• _Work order_: Transcribe the entries exactly; images are not part of the copy.

• _Exercise data_:
-------
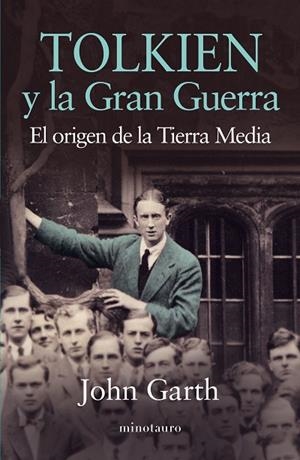 TOLKIEN Y LA GRAN GUERRA | 9788445006641 | GARTH, JOHN | Llibreria La Gralla | Llibreria online de Granollers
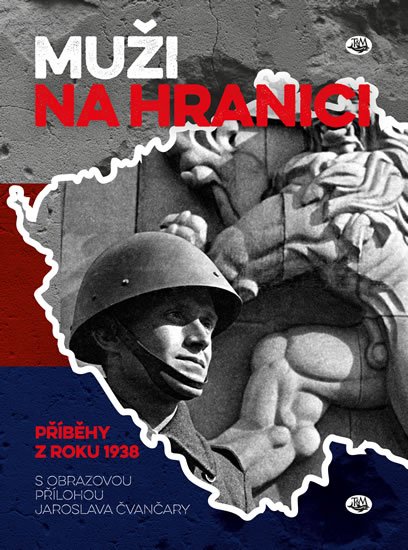 Čvančara Jaroslav: Muži na hranici - Příběhy z roku 1938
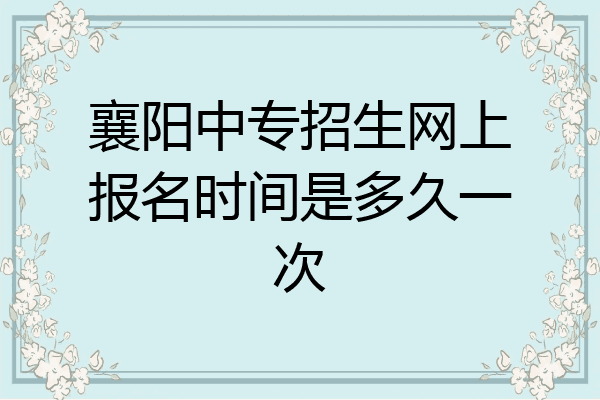 襄阳中专招生网上报名时间是多久一次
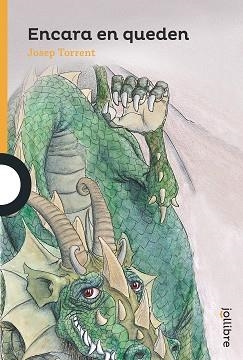 ENCARA EN QUEDEN | 9788416661480 | TORRENT I ALABAU, JOSEP | Libreria Geli - Librería Online de Girona - Comprar libros en catalán y castellano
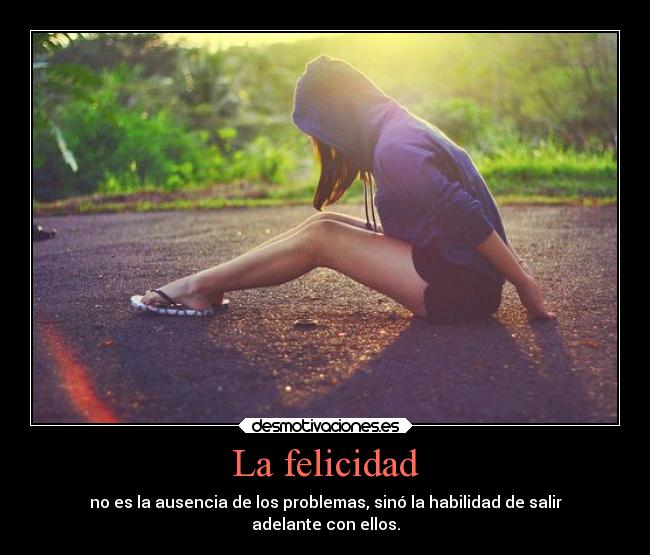 La felicidad - no es la ausencia de los problemas, sinó la habilidad de salir
adelante con ellos.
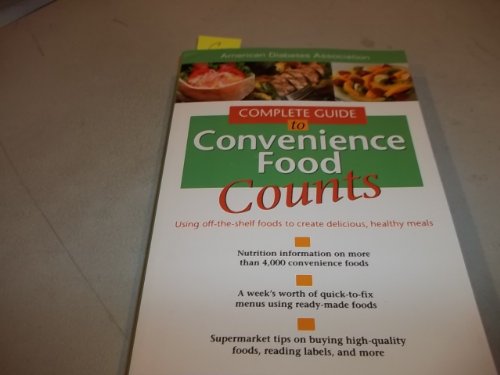 Stock image for Complete Guide to Convenience Food Counts : Using Off-the-Shelf Foods to Create Delicious, Healthy Meals for sale by Better World Books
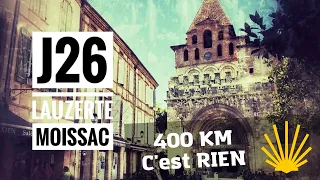 Chemin de Compostelle J26 - Lauzerte - Moissac - J’emmène vos rêves au bout du monde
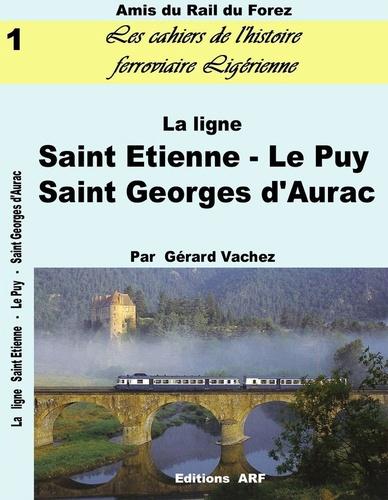 La Ligne St Etienne-Le Puy-St Georges d'Aurac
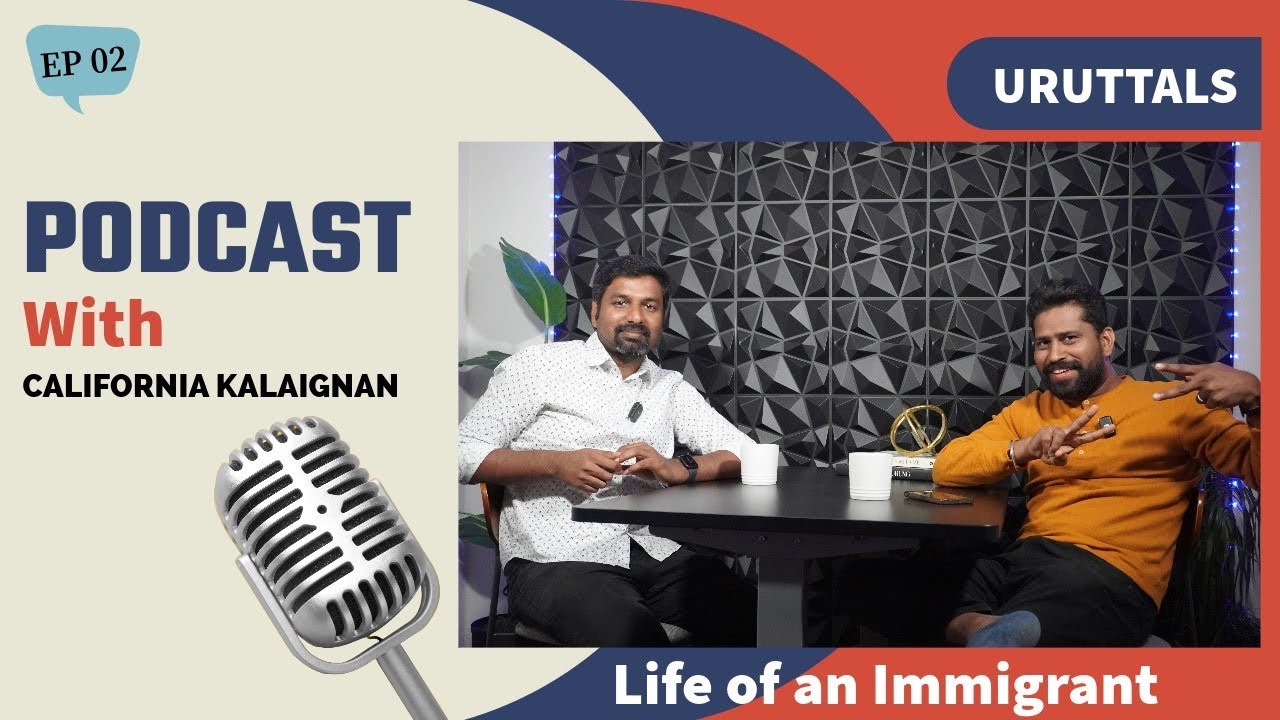 Uruttals EP2  - Life of Immigrant | Tamil Podcast | GK - CK #tamilpodcast #h1bvisalife #immigration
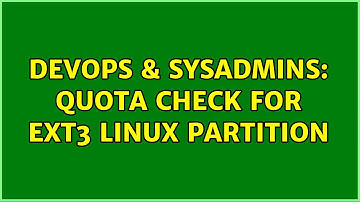 DevOps & SysAdmins: Quota check for ext3 Linux partition (2 Solutions!!)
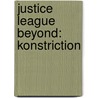 Justice League Beyond: Konstriction door Dustin Nguyen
-------
• _Written solution_:
 TOLKIEN Y LA GRAN GUERRA | 9788445006641 | GARTH, JOHN | Llibreria La Gralla | Llibreria online de Granollers
 Čvančara Jaroslav: Muži na hranici - Příběhy z roku 1938
 襄阳中专招生网上报名时间是多久一次
 ENCARA EN QUEDEN | 9788416661480 | TORRENT I ALABAU, JOSEP | Libreria Geli - Librería Online de Girona - Comprar libros en catalán y castellano
 La felicidad - no es la ausencia de los problemas, sinó la habilidad de salir
adelante con ellos.
 Stock image for Complete Guide to Convenience Food Counts : Using Off-the-Shelf Foods to Create Delicious, Healthy Meals for sale by Better World Books
 Chemin de Compostelle J26 - Lauzerte - Moissac - J’emmène vos rêves au bout du monde
 La Ligne St Etienne-Le Puy-St Georges d'Aurac
 Uruttals EP2  - Life of Immigrant | Tamil Podcast | GK - CK #tamilpodcast #h1bvisalife #immigration
 DevOps & SysAdmins: Quota check for ext3 Linux partition (2 Solutions!!)
 Justice League Beyond: Konstriction door Dustin Nguyen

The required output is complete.